Former Norton Motorcycles director and owner Stuart Garner is due to appear in court as an investigation into alleged fraud via three pension schemes reaches the prosecution phase.
Garner was dramatically ousted from the historic British company as it teetered on the brink of collapse in February 2020 as charges were sought on allegations of illegal handling of funds submitted by up to 227 members into pension pots.
It is claimed Garner used money invested in three schemes – Dominator 2012, Commando 2012 and Donington MC – to plug gaps in Norton’s own financial records, getting to a stage where people were prevented from accessing their money as the company slipped into further trouble.
Garner, 52, is accused of breaching Employer Related Investment (ERI) for investing more than the legally permitted 5% market value of the company.

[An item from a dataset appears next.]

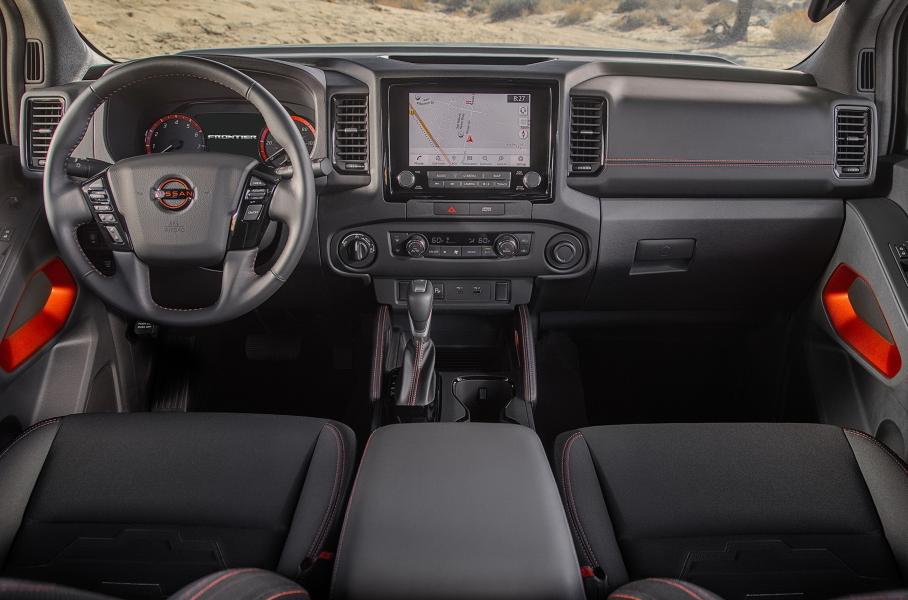 Интерьер топ-версии Nissan Frontier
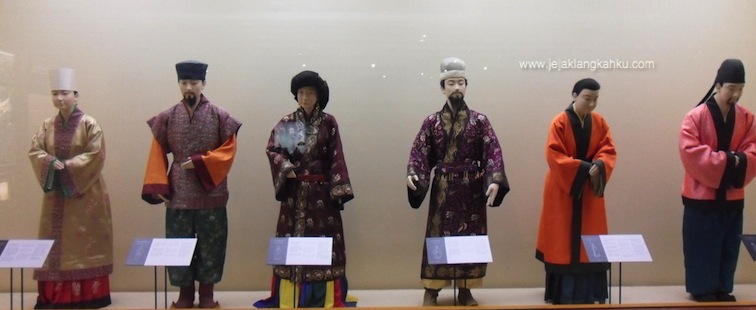 south korea folk museum lotte world mall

If found guilty of these charges – which have been presented by the Pensions Regulation – Garner could spend up to two years in prison or pay a £50,000 fine.

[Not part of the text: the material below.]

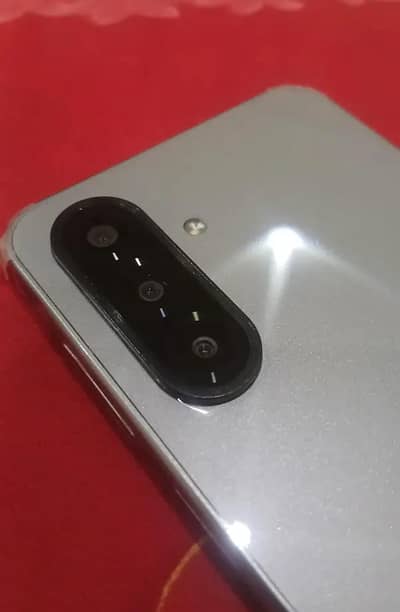SAMSUNG A17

However, this is just the first legal battle incoming for Garner with a separate case brought by the Pensions Ombudsman, which will focus on specific cases of wrongdoing.
Garner has maintained a relatively low profile since his fall from grace 18 months ago. This was quite the contrast to the big personality and even bigger promises he made to media and consumers.
However, it disguised serious mismanagement of the company’s finances and some shocking working practices, including stripping down owners’ bike submitted for a regular service to fit them to new models in an effort to circumnavigate a lack of parts owning to lack of funds that had led to long waiting lists.
More recently, new owners TVS Motors conducted checks on a number of models sold in 2019 to discover they were unroadworthy.